Data Access, Data Preservation and Data Publication Issues (6/20/12)
Access to high-quality, scientific data is important for geoscience research, development and education. It is important that federal government agencies, such as the U.S. Geological Survey, are able to maintain accessible databases on natural resources, geologic and geophysical information, and basic information such as topography. In addition to government research, much information is collected by the academic and private sectors using, at least in part, U.S. federal funding. Though this information is often competitive and proprietary, many feel that any research coming from taxpayers’ dollars should be publicly accessible. Geosciences are global, so it is important that data is maintained and accessible worldwide.
The government plays a role in these issues by maintaining federal databases and helping to ensure data access in other countries through funding and federal preservation programs. In addition, the federal government has been held increasingly accountable for data integrity and the quality of scientific data it uses in policymaking.
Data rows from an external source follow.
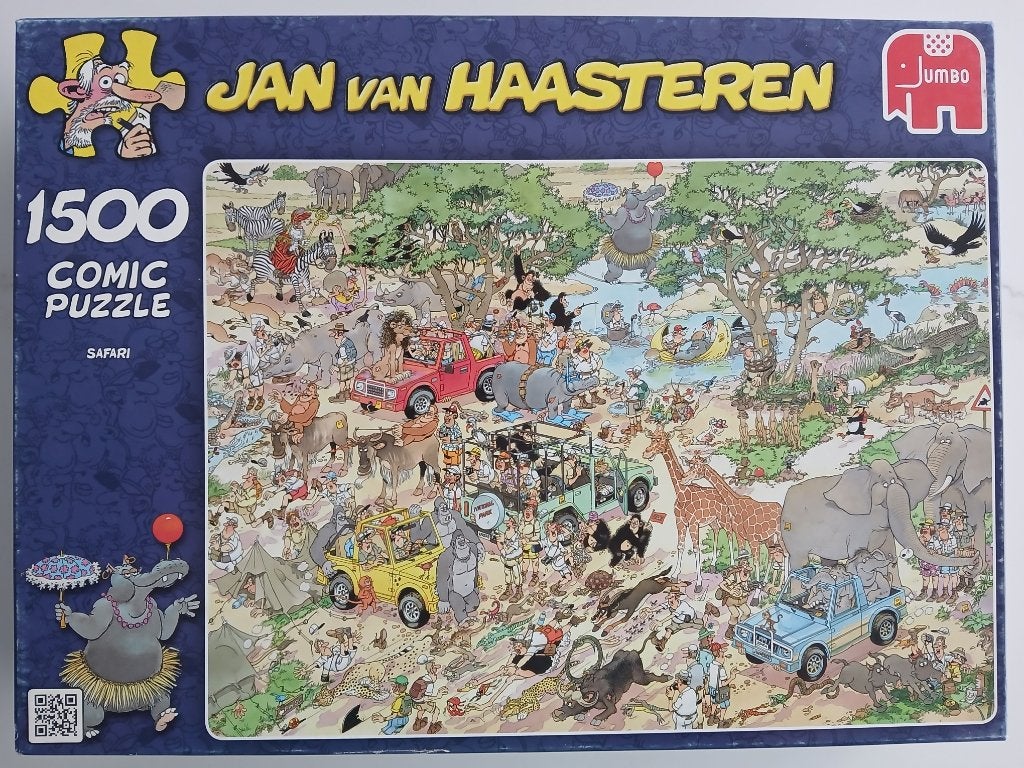 4 Puzzels Jan van Haasteren 1500 stukjes, Ophalen, 500 t/m 1500 stukjes, Zo goed als nieuw, Legpuzzel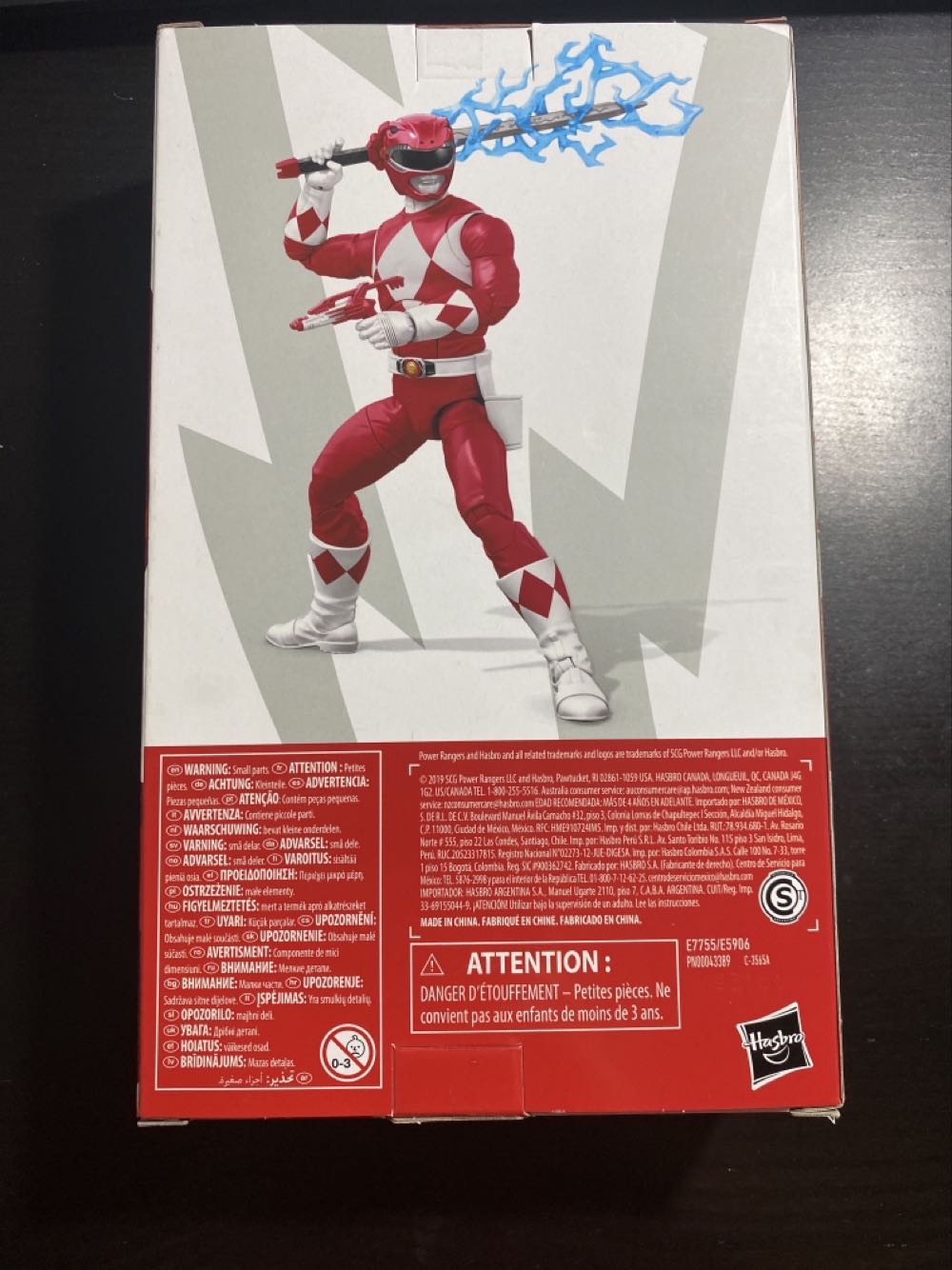 Red Ranger - Mighty Morphin Power Rangers - Lightning Collection - Hasbro (Super Sentai) action figure collectible [Barcode 630509897261] - Main Image 2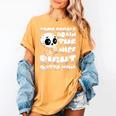 Skeleton Coffee Lover Introvert Women's Comfort Colors T-Shirt Mustard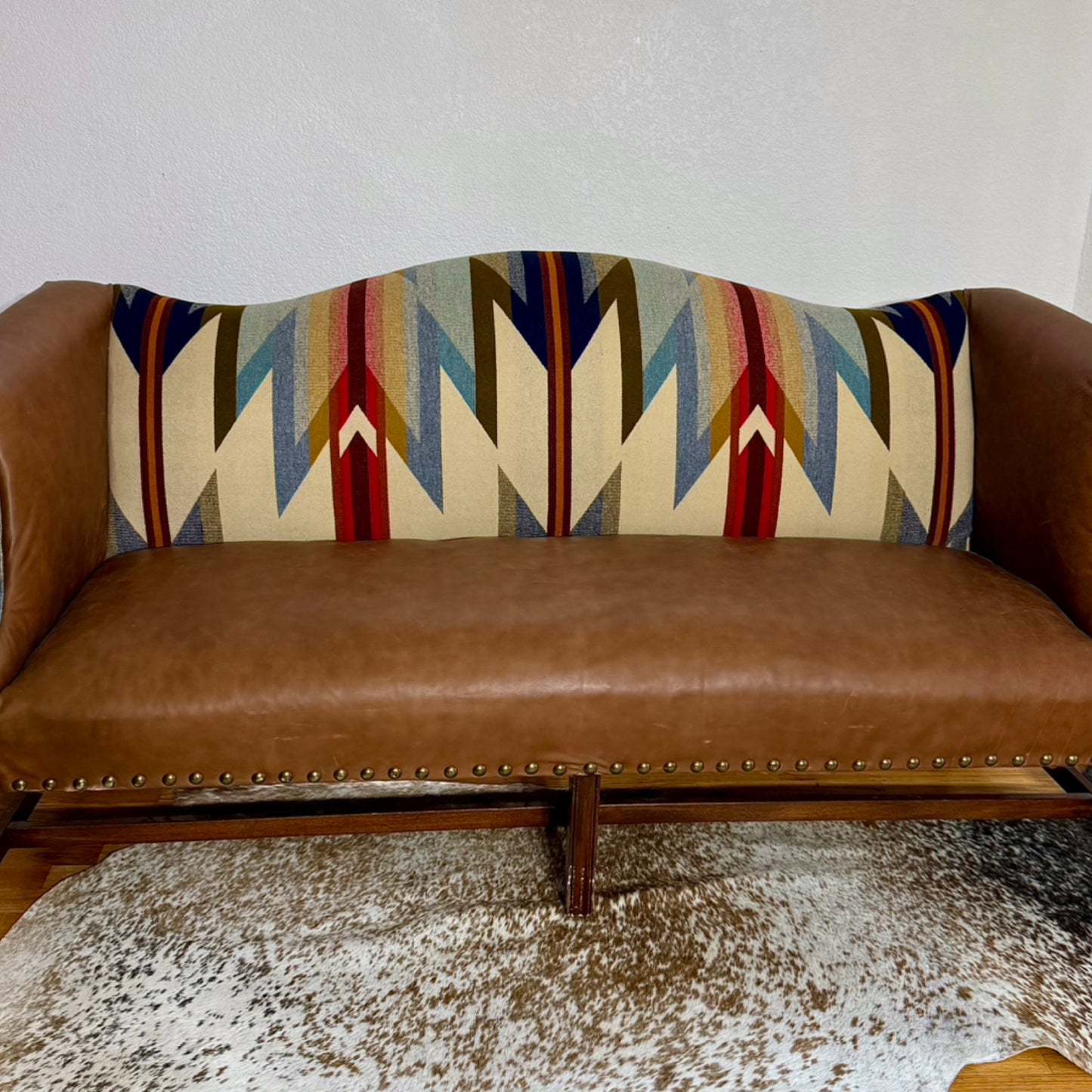 Wyeth Trail & Cowhide Sofa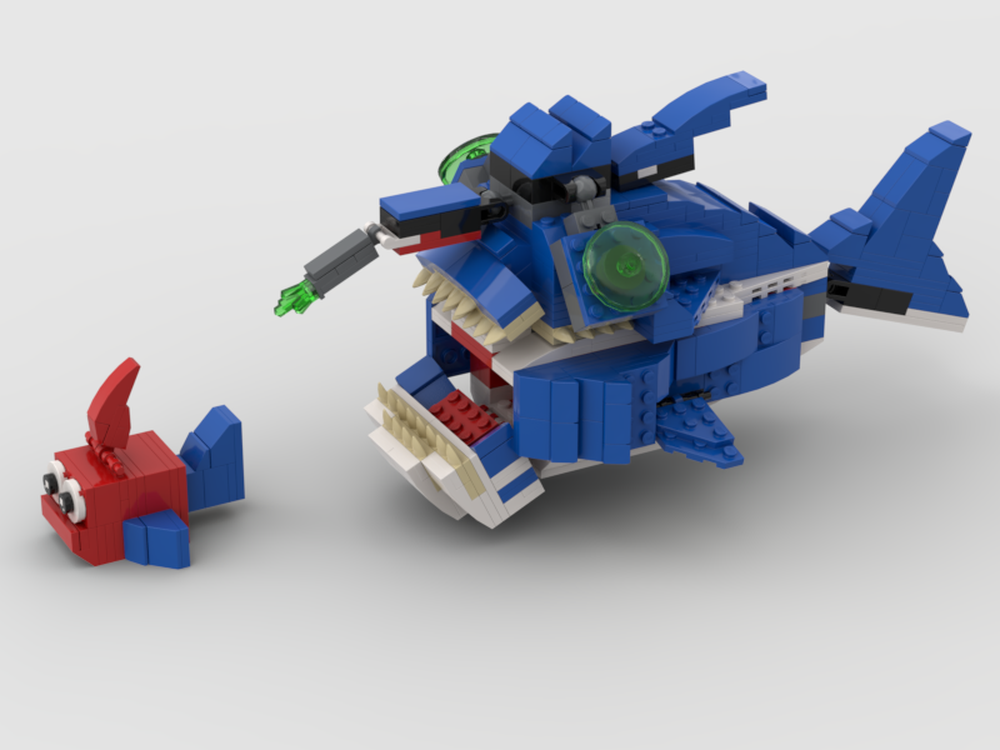 Lego Deep sea creatures 31088 Angler fish 2:1 scale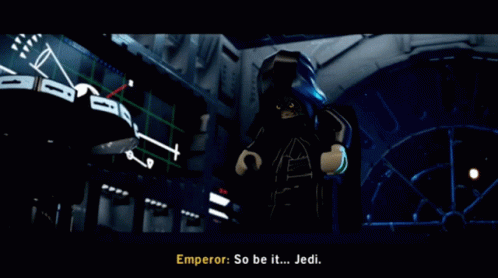 Emperor So Be It Jedi Is Written On A Screen GIF
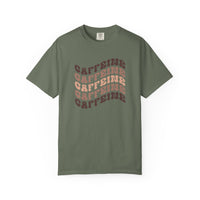 Caffeine Wave T-Shirt | Retro Caffeine Wave T-Shirt | Comfort Colors 1717 | Wavy Text Coffee Lover Gift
Funding and legislation will hopefully continue to provide widespread access to scientifically sound data. The 111th Congress approved the reauthorization of America COMPETES Act (H.R. 5116), which authorizes increases for research at the National Science Foundation, the National Institute of Standards and Technology and the Energy Department’s Office of Science. It requires the White House Office of Science and Technology Policy (OSTP) to coordinate and organize public access to government-funded research, including the development of online databases of scientific information within agencies. How the requirement will affect peer-reviewed journals and publishers, though, is unknown.
Some of AGI's member societies have issued their own position statements on data preservation and open access.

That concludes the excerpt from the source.